Pour Géraldine Bannier, ce fut une «session extraordinaire» au Palais Bourbon

lettrelbigup-9.jpgLa toute première session de travail de  l’Assemblée nationale de l’ère Macron. Des réformes initiées par le candidat devenu Président comme le code du travail, ou bien la « moralisation » de la vie publique. L’Assemblée Nationale a travaillé tant bien que mal. Réussites ratés, et «couacs». Trop jeunes, pas assez expérimentés, et rompus aux rouages du pouvoir. Et pour cause, les députés ont voté souvent comme un seul homme, presque mécaniquement. Géraldine Bannier, élue dans la deuxième circonscription de la Mayenne tire pour leglob-journal le bilan de ses premières semaines de travail au Palais Bourbon.


Par Géraldine Bannier*


La session extraordinaire de l’Assemblée nationale a pris fin le 9 Août. Ce fut l’occasion, pour nous, nouveaux députés, d’entrer dans nos nouvelles fonctions et de découvrir l’ambiance de l’hémicycle.

Première mauvaise surprise : interruptions incessantes des orateurs – essentiellement féminins ou jeunes étrangement ! – par mes collègues situés sur ma gauche, députés républicains rompus à l’exercice qui nous expliquent que : C’est ça, l’assemblée ! ». Nous réagissons par des « Chut ! » ou des applaudissements pour couvrir leurs réactions.

«Des rapports parfois alambiqués à la loi»

On aurait pu imaginer un lieu où le respect de la parole politique eût été plus grand… Nous pouvons avoir des opinions différentes mais l’exprimer dans le chahut et le brouhaha ne me paraît pas digne de nos fonctions.

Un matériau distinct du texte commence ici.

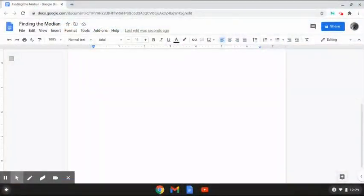Hi everyone, Zach Paykoff here and welcome back to another lesson video. Today I will be showing you how to find the median. So let's jump right into the video.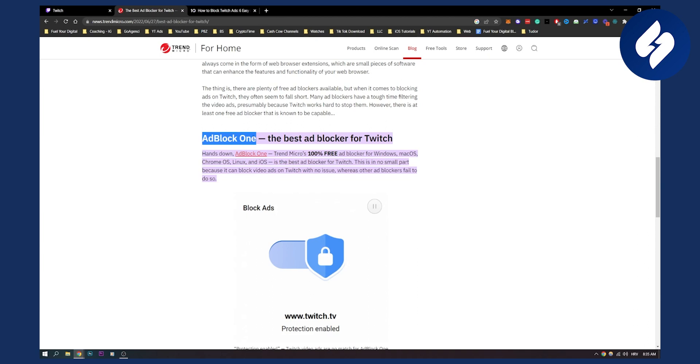So yeah, that's basically how to block Twitch ads on your mobile. If you have any questions or comments, comment down below and we'll see you in the next video. Thank you guys for watching.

Autre surprise : les prises de parole sont parfois longues, occupent l’espace imparti (les 2 minutes, 10 ou 15 minutes accordées), avec des rapports parfois très alambiqués avec la loi en cours de discussion, et un contenu au final pauvre.

assnat-2.jpgC’est le fameux procédé d’ « obstruction » sur lequel il faudrait que les groupes de travail, voulus par le bureau de l’Assemblée et prévus en septembre, se penchent, pour plus d’efficacité de la procédure législative.
En 2017, la parole politique doit aller à l’essentiel et ne plus servir d’étalage à des egos qui n’espèrent qu’occuper la sphère médiatique.

 

Une fois sortis de l’hémicycle, nous nous retrouvons dans une ambiance que certains qualifient, à juste titre, d’« internat ». Effectivement, on se croise au petit-déjeuner, dans les lieux de restauration, collaborateurs et parlementaires de tous groupes, et on loge dans des bureaux-chambres, les uns à côté des autres.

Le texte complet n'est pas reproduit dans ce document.